Nella ricostruzione di Romano, l’elezione di Bush nel novembre 2000 e la politica internazionale che perseguì dall’insediamento alla Casa Bianca nel 2001, esacerbarono il fanatismo etnico e religioso. Emblematica la risposta allo shock dell’attentato alle Torri Gemelle, il tentativo di mascherare il conflitto in Iraq come “guerra al terrorismo” e la copertura ideologica all’azione militare. “Gli americani – ha spiegato Romano – fecero pressione perché si tenessero elezioni democratiche ovunque per promuovere i paesi “ritardatari” al rango degli stati democratici. Dove si votò in libertà vinsero le forze fondamentaliste e radicali“.

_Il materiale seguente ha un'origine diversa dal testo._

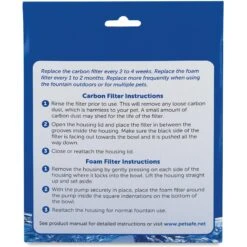 PetSafe Drinkwell Replacement Filter Pack -Blue Buffalos Shop 63156 PT5. AC SS1800 V1626366975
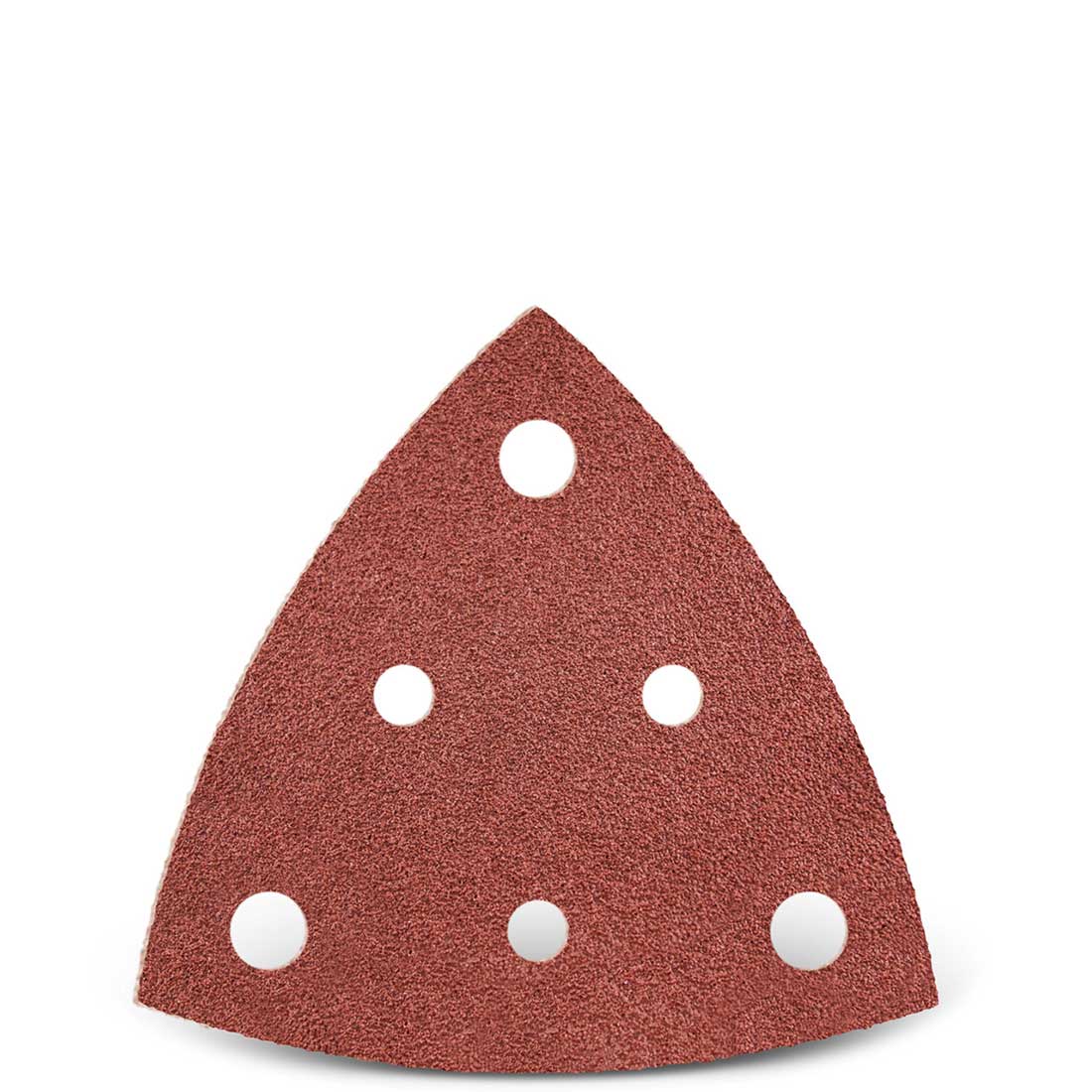 Feuilles abrasives auto-agrippantes MENZER pour ponceuses delta, G24–240, 82 mm / 6 trous / corindon normal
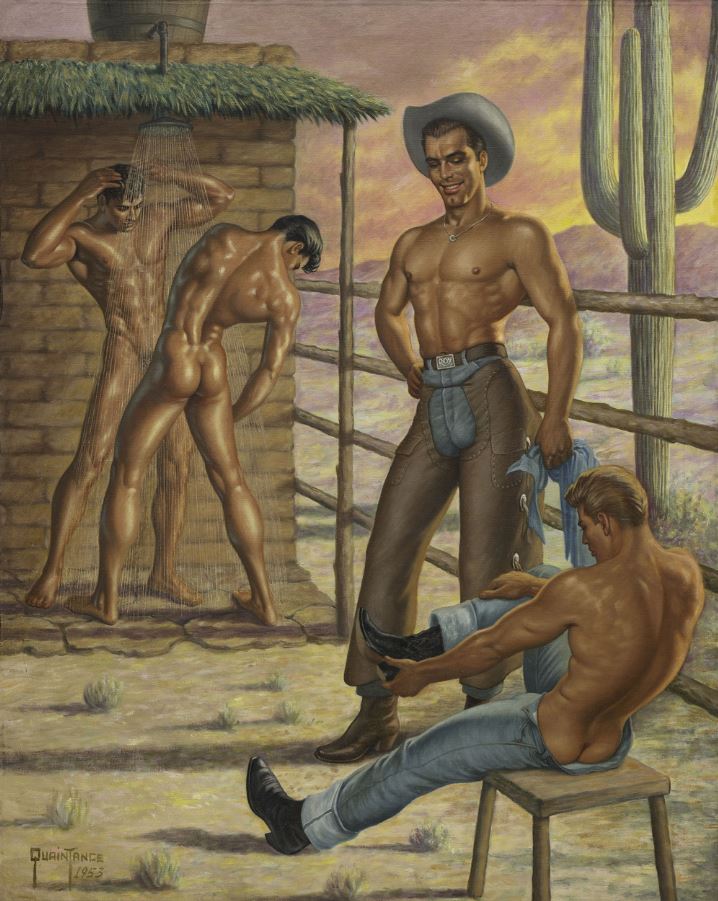 George Quaintance, el origen del erotismo gay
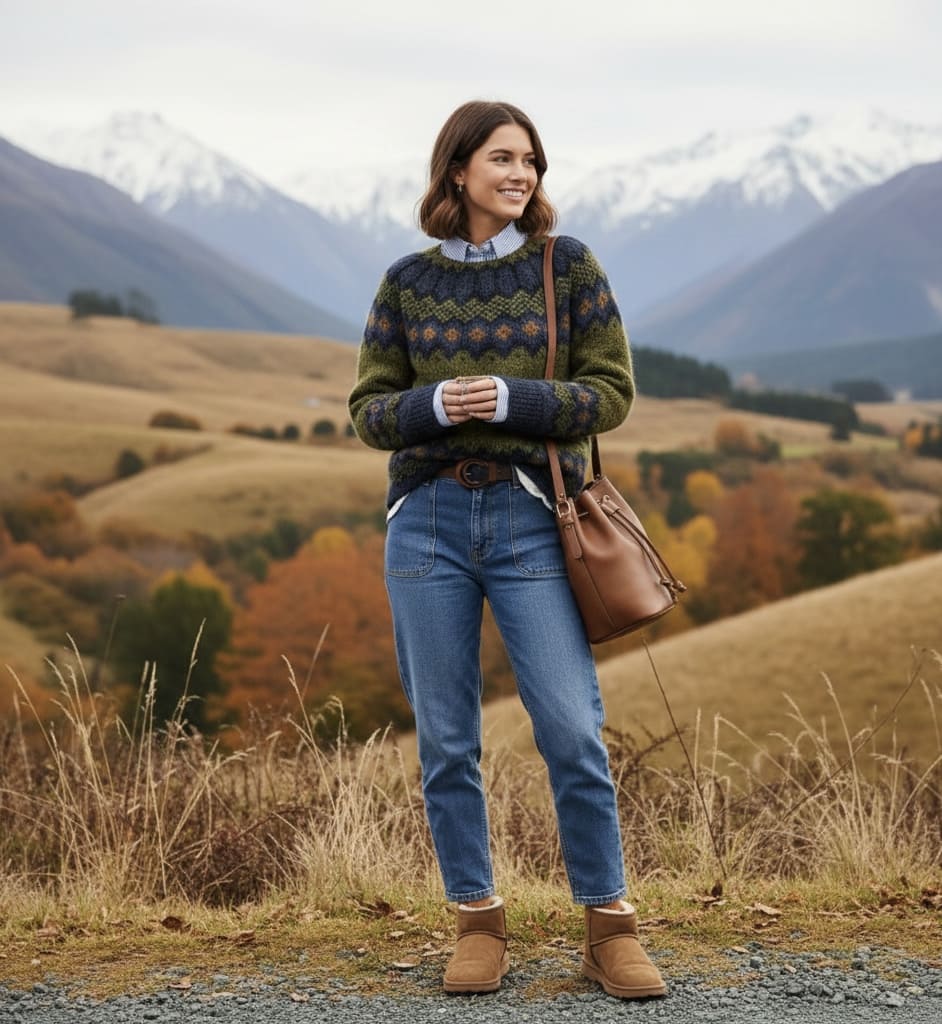 Jessica | Heritage Nordic Sweater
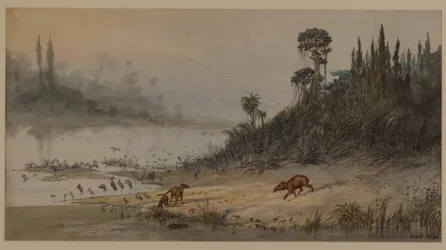 Landschap, 1871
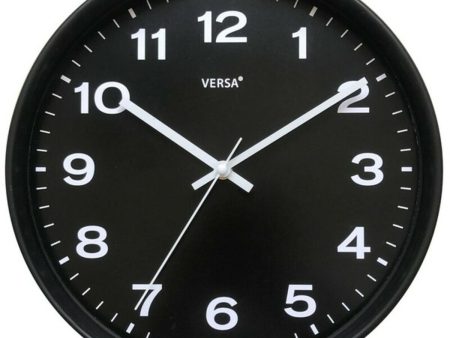 Wall Clock Versa Quartz Plastic 4,3 x 30,5 x 30,5 cm Online Hot Sale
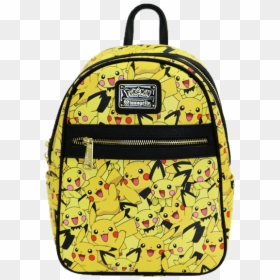 Pikachu Png Backpack, Transparent Png - angry pikachu png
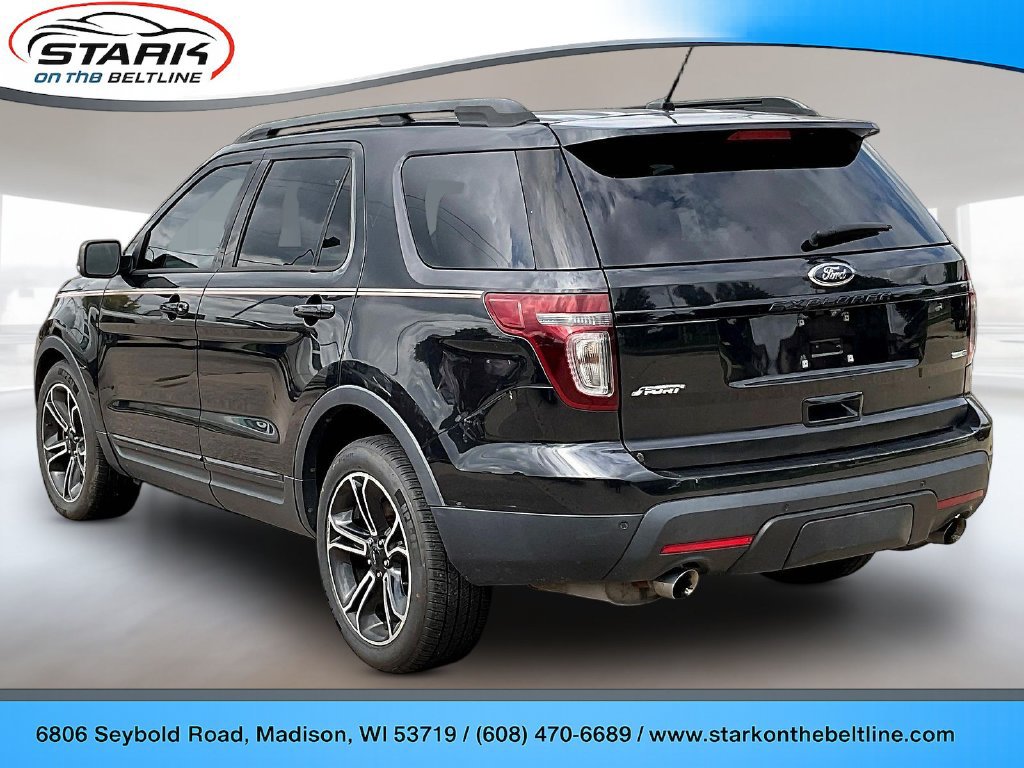 Used 2015 Ford Explorer Sport AWD/4WD image 4
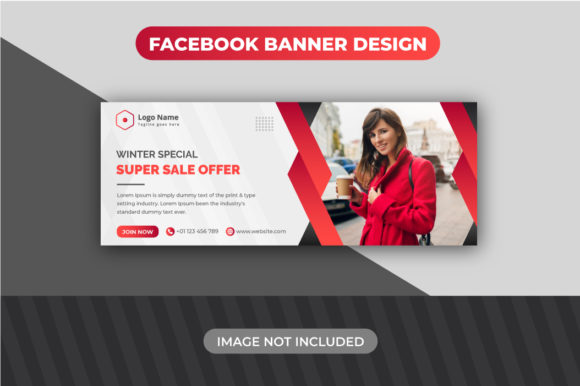 Red Creative Winter Sale Offer Facebook: A Designer's Guide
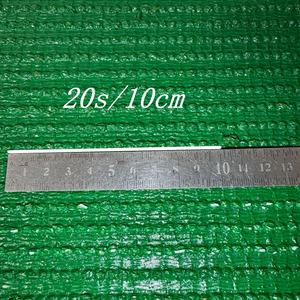 หญ้าเทียม PP PE สนามฟุตบอลไม่เติมด้วยรังสี UV แรงยืดหยุ่นสูง10-60มม. ดูดซับแรงกระแทกป้องกันแบคทีเรีย - Product Image 2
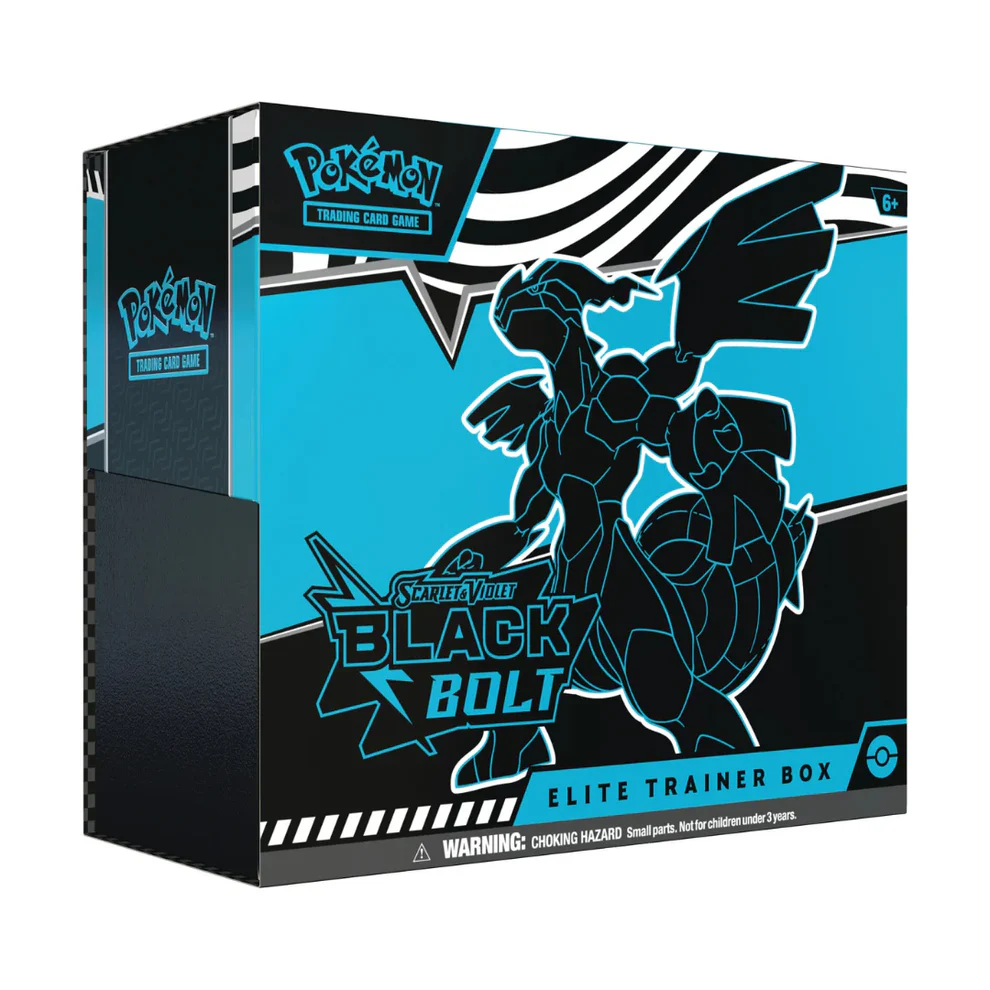 Scarlet & Violet - Black Bolt - Elite Trainer Box
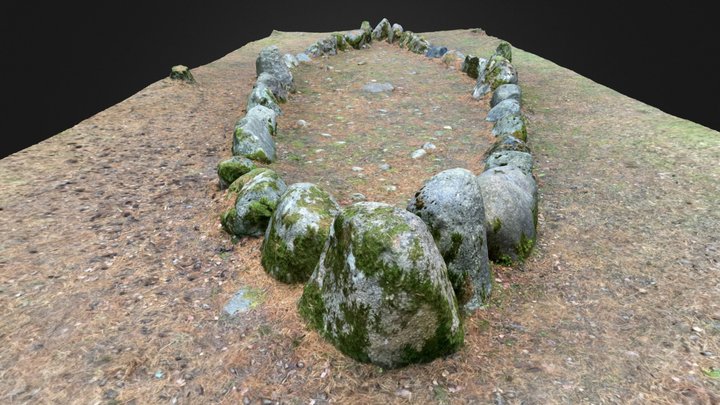 Bilavas Devil's Boat 3D Model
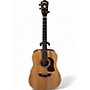 Used Washburn HD100SWK Natural Acoustic Guitar Natural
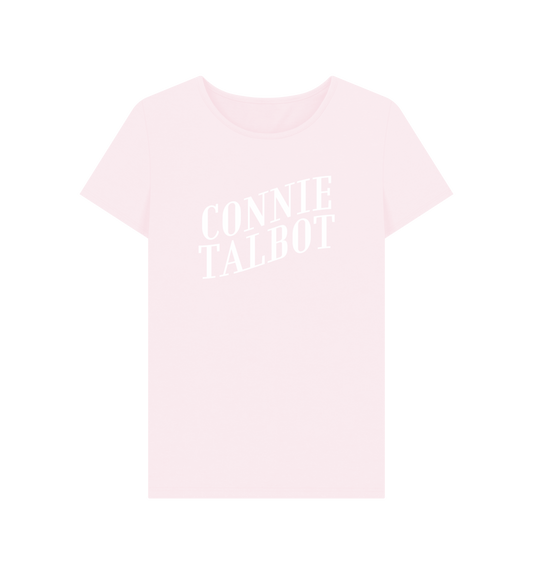 Pink Printed T-shirt Front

POLITICA – Il caso della Russia ex sovietica, secondo Romano, fu esemplare con la nascita del fenomeno delle oligarchie che approfittarono del passaggio dall’economia di stato a quella liberale, dall’economia “di comando” a quella privata. Furono assegnati dei voucher che polverizzavano tra i cittadini gli asset dello stato, questi voucher vennero immediatamente messi sul mercato a prezzi bassi e le oligarchie ne fecero incetta, approfittando dei capitali del network delle casse di risparmio, acquistando poi giornali e banche con cui ripulire la propria immagine e i propri capitali.
Le bancarotte, sempre secondo Romano, da quelle sudamericane a quella thailandese, da quella coreana alla recente crisi greca, sono state accelerate dagli Stati Uniti, che nell’epoca Bush hanno lasciato che i mercati finanziari si autoregolamentassero.
E l’Europa? “Era stata il teatro della caduta del Muro, della guerra fredda, dell’unificazione tedesca, della disgregazione jugoslava. Ma ci sono anche molti lati positivi da non dimenticare: la fine dei regimi comunisti, il trattato di Maastricht del 1992, il mercato unico, il crollo delle barriere doganali e con esse del protezionismo visibile e invisibile. La stabilità dei cambi e i bassi tassi d’interesse. E non solo: avevamo otto trovatelli sui gradini della porta di casa, i Paesi ex satelliti con problemi di nazionalismo etnico e allineamento economico. Li abbiamo costretti, da Bruxelles, a comportarsi bene“.
“Abbiamo commesso degli errori – ha ricordato ancora Romano – uno su tutti quello di aver affrontato tardi il problema della Costituzione. Ci siamo divisi sulla guerra in Iraq, e non sul merito, perché tutti eravamo contrari, ma sull’opportunità o meno di allinearci all’alleato maggiore. Non abbiamo peso nell’area mediorientale, sulla questione palestinese, perché Israele non ci accetta come mediatori. Non abbiamo avuto un governo economico, laddove la Banca Centrale Europea ha avuto come unico obiettivo quello di impedire l’inflazione. Non ultimo, il fatto che l’europeismo appartiene a una generazione che ha vissuto gli effetti della guerra, così la Merkel non sarà mai europeista quanto Kohl”.
“Ma il processo verso l’integrazione – ha concluso Romano – continua, seppur a singhiozzo. Siamo stati più prudenti di Bush, abbiamo privatizzato e liberalizzato senza dimenticare l’economia sociale di mercato, e oggi l’America di Obama batte questa stessa via. Per questo continuo a credere nell’Europa, e un po’ anche nell’Italia“.